Bisherige Giftgas-Angriffe blieben ungeahndet

Der israelische Korrespondent Eldad Beck hat in der „Jüdischen Allgemeinen“ aufgezählt, dass Giftgas seit dem Zweiten Weltkrieg von Ägypten im Jemen, von Saddam Hussein gegen Kurden in Halabscha, während des Iran-Irak-Krieges von beiden Seiten und von syrischen Sondereinheiten in Darfur im Sudan eingesetzt worden sei. Die Welt habe zu all diesen Fällen geschwiegen. Beck schließt: „Israel darf sich niemals auf die Weltgemeinschaft oder den Westen verlassen.“
Effektiv wäre nach israelischer Ansicht ein schneller und schmerzhafter Schlag mit amerikanischen Marschflugkörpern gewesen. Dazu hätten die Amerikaner jederzeit die Fähigkeit, dank der Präsenz ihrer Kriegsschiffe im östlichen Mittelmeer . Barack Obama hätte als Präsident und Oberbefehlshaber zudem die Vollmacht, einen solchen Schlag zu befehlen. Doch sein langes Zögern und dann der Beschluss, den Kongress um Erlaubnis zu bitten, ließ die Wirkung einer amerikanischen Strafaktion verpuffen.
Marc Schulman vom Onlinedienst „Times of Israel“ erinnert daran, dass der Kongress in seiner Geschichte nur sechs Mal aufgefordert worden war, eine Kriegserklärung zu genehmigen, zuletzt 1941, vor dem Krieg gegen Japan und Nazi-Deutschland.
Zwecks Kriegsvorbereitung wurden die syrischen Staatsmedien gleichgeschaltet. Sie senden „patriotische Lieder“ zur Stärkung der Moral der heldenhaften syrischen Soldaten. Im syrischen Fernsehen wurde eine giftige Satire über den „Angsthasen“ im Weißen Haus gezeigt. Am Montag wurde zudem über weitere syrische Verstöße gegen das internationale Kriegsrecht berichtet, die selbst nicht in Washington und auch nicht bei Menschenrechtsorganisation wie Amnesty International große Beachtung finden werden. Gefangene Rebellen seien in leergeräumte syrische Militärlager verlegt worden, um als „menschliche Schutzschilde“ zu dienen, während Scudraketen und anderes Militärgerät in Schulen und in die Keller von Krankenhäusern gebracht worden seien, um sie vor amerikanischen Angriffen zu schützen.

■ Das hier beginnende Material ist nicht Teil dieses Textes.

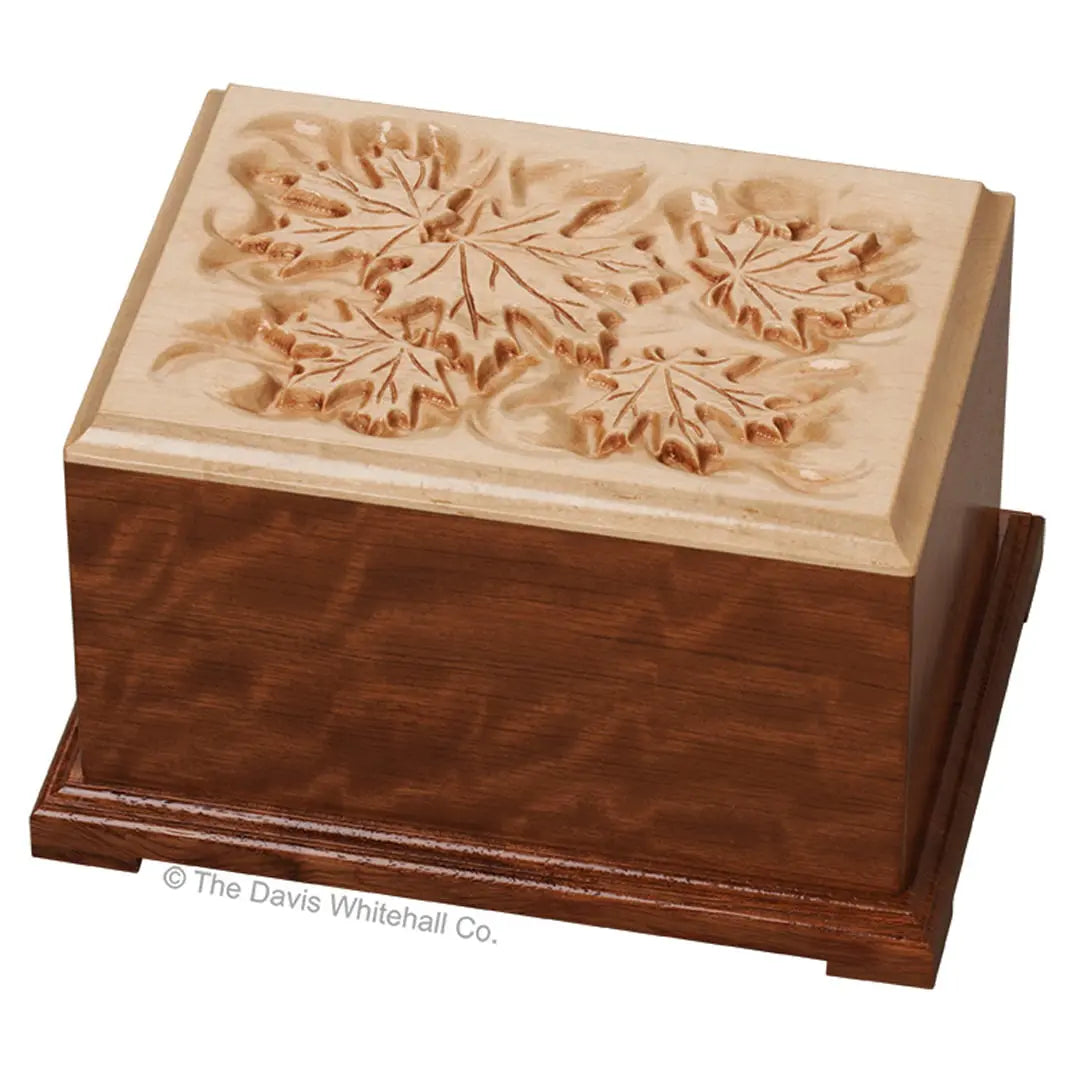 Sweet Maple Wood Urn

Der Verlust amerikanischer Glaubwürdigkeit und der Fähigkeit zur Abschreckung ist in der ganzen arabischen Welt zu spüren. Als Beispiele seien hier genannt: das Stottern nach der Ermordung des US-Botschafters Christopher Stevens in Libyen, Obamas schneller Beschluss, Ägyptens Präsident Hosni Mubarak fallen zu lassen, die Diskussion, ob die Absetzung der Muslimbrüder in Ägypten ein Militärputsch war, und jetzt der zögerliche Umgang mit dem Giftgasangriff in Damaskus.
Es kursieren schon Analysen, wonach sich Obama und die Europäer mit den schlimmsten Feinden des Westens und seiner Werte wie Freiheit, Menschenrechte, Demokratie verbündet hätten. Die EU hat nur den „militärischen Arm“ der Hisbollah auf die Terrorliste gesetzt, nicht aber den politischen „Kopf“ dieser Organisation. Und die Amerikaner helfen Al-Qaida, Islamisten, Dschihadisten, Muslimbrüdern und Anderen in Ägypten, indem sie die ägyptischen Militärs strafen.
Partner des Westens, neben Israel auch Jordanien, Saudi-Arabien, die Öl-Emirate und asiatische Länder wie Indien, Japan oder Südkorea, können sich kaum noch auf ihre strategischen Bündnisse mit dem „Westen“ verlassen.